Check out the report (page 10) for the exact definitions of the Seven Sins, but they include making claims that are vague ("all-natural"), having no proof (from, say, third-party certification), or stating irrelevant details (such as "CFC-free" on aerosol cans —the substance has been banned for 30 years).
This year's report is very well timed. The U.S. Federal Trade Commission just proposed changing its Green Guidelines, the standards for what marketers can legally say. The new, stricter rules are open for public comment (PDF) now. I'll be keeping a close eye on that story, but in the meantime I'll point out what I see as the key findings of the report. This report houses some of the best data on what marketers are trying to do and the pitfalls you should avoid. Here are the big picture findings:
1. The number of products making some kind of green claim is rising fast.

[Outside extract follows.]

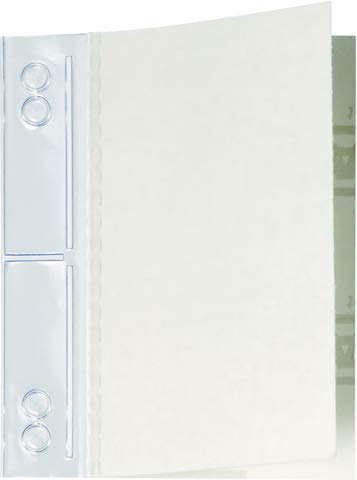 DURABLE Heftstreifen FILEFIX® MAXI, selbstklebend, 60 x 100 mm, transparent (50 Stück), Sie erhalten 1 Packung á 50 Stück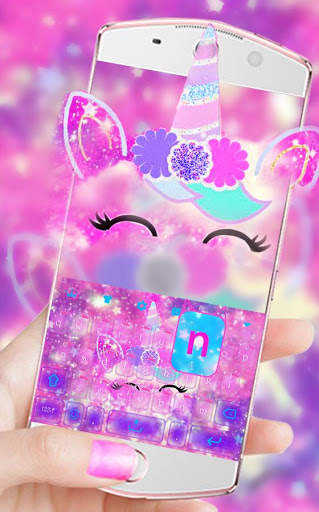 Unicorn Smile keyboard theme screenshot 2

This year, Terrachoice cataloged 5,296 products. In just the two dozen stores it visited both in 2009 and 2010, the number rose from about 2,700 to 4,700, a 73% increase. Given the economic climate, this increase is particularly impressive. Because greener products are often considered to be (or actually are) more expensive, marketers would be forgiven for avoiding that pitch in a recession. Clearly there's a belief that consumer interest is still rising. (Side note: The overall increase in green claims has not gone unnoticed by certification and safety giant Underwriters Laboratory, which bought Terrachoice this year to help round out its UL Environment business.)
2. The vast majority of products with green claims are still committing at least one "sin"

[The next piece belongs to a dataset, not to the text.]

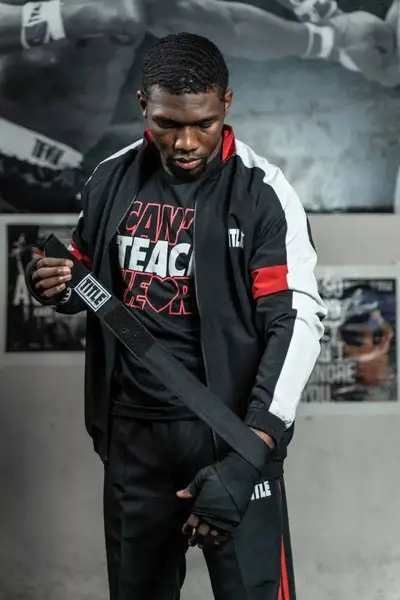 Бинты для бокса TITLE Boxing Mexican Style 180" Black (4.5м.) купить недорого в Украине, фото 2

In the first report in 2007, literally one product avoided all the sins. Terrachoice tries to put a positive spin on the new data, which shows a moderate increase of "sin-free" marketing. But the percentage of products that are still sinning remains very high at 95%. This level of greenwash, no matter how minor, leaves companies wide open to significant risk in the marketplace.

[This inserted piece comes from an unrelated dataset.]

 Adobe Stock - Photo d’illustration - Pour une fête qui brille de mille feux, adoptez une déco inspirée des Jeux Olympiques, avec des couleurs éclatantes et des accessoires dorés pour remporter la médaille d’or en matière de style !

3. The mix of sins committed is shifting, and the sin of "worshipping false labels" is on the rise. An amazing 70% of these products now have no proof of their claims, and 31% go so far as to include some kind of label that looks like a third-party certification. As the report put it, "ease of access to false, completely meaningless eco-labels has become almost comical." The labeling world is much in flux and it's incredibly over-populated - the group EcoLabel Index is currently tracking more than 350 labels officially, and something like 600 in reality. Companies have to be very careful about this one - inventing your own label to make a claim is dangerous for the brand and could bring actual penalties.
4. The product and industry sectors with a longer track record of green marketing are doing better. Almost 30% of products in categories with a history of green claims, such as building and construction materials, include a legitimate certification (but still may sin in other ways). In newer categories such as toys, less than 15% include a certification. This finding bodes well for the future though, as companies learn and get more careful.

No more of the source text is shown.